The Calder Bookshop, nestling between The Old Vic and The Young Vic on London's South Bank, recalls the pre-Amazon days when the price-fixing Net Book Agreement allowed specialist bookshops to appear on many high streets - their sites are Starbucks now. Drag yourself away from the musty tomes lounging on the shelves or prostrate on the tables, and you find a little theatre at the back of the shop, the venue for King's College London's Alumni Theatre Society's production of Jim Chadburn's new translation of Roger Vitrac's Victor or Power to the Children.
Set in a bourgeois Parisian apartment, the play opens with the eponymous Victor exercising his power over the family's maid, as he smashes a vase and smarmily informs her how he will ensure that she will take the blame. Victor is a kind of reverse of Oskar from the Tin Drum - Grass' hero resolved to remain silent inside the body of a three-year-old; Vitrac's is determined to have his say and, at nine-years-old, has the body and knowledge of an adult married to the casual cruelty of a spoilt child. The shattering of the vase is followed by the shattering of the family, as Victor cajoles his friend Esther to play out publicly the seduction of her mother by his father that she had witnessed the previous evening. Vitrac, being a surrealist, is not satisfied with breaking up the home literally and metaphorically, he also introduces a female visitor to the apartment who offends and then amuses with incessant, if apologetic, farting to destroy the social mores too.

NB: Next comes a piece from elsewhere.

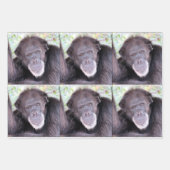 Chimpansee All Occasion Inpakpapier Vel (Voorkant 2)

The amateur cast have enormous fun with this material, since bringing carefully hidden hypocrisy to the surface is always a delight (as Mel Smith and Griff Rhys Jones show in this controversial sketch that would have amused Vitrac). Steven Rhodes delivers a virtuoso turn as the cuckolded Antoine, whose Tourettish outbursts are provoked relentlessly by Victor and Sophia Murday as Emilie is splendidly simpering over her son and waspishly wicked to her philandering husband.
Of course, it all ends in tears, since, as in the Weimar Republic to the East, the artists of 1920's France knew that their time was limited and so made the most of it without losing sight of the fatalism that suffused all aspects of inter-war life. Vitrac's play, like most surrealist work, is heavy-handed, never making a point once when there's the chance to make it half a dozen times, but that doesn't detract from the play's central message that beneath genteel exteriors rages an atavistic turmoil - as true today as ever it has been.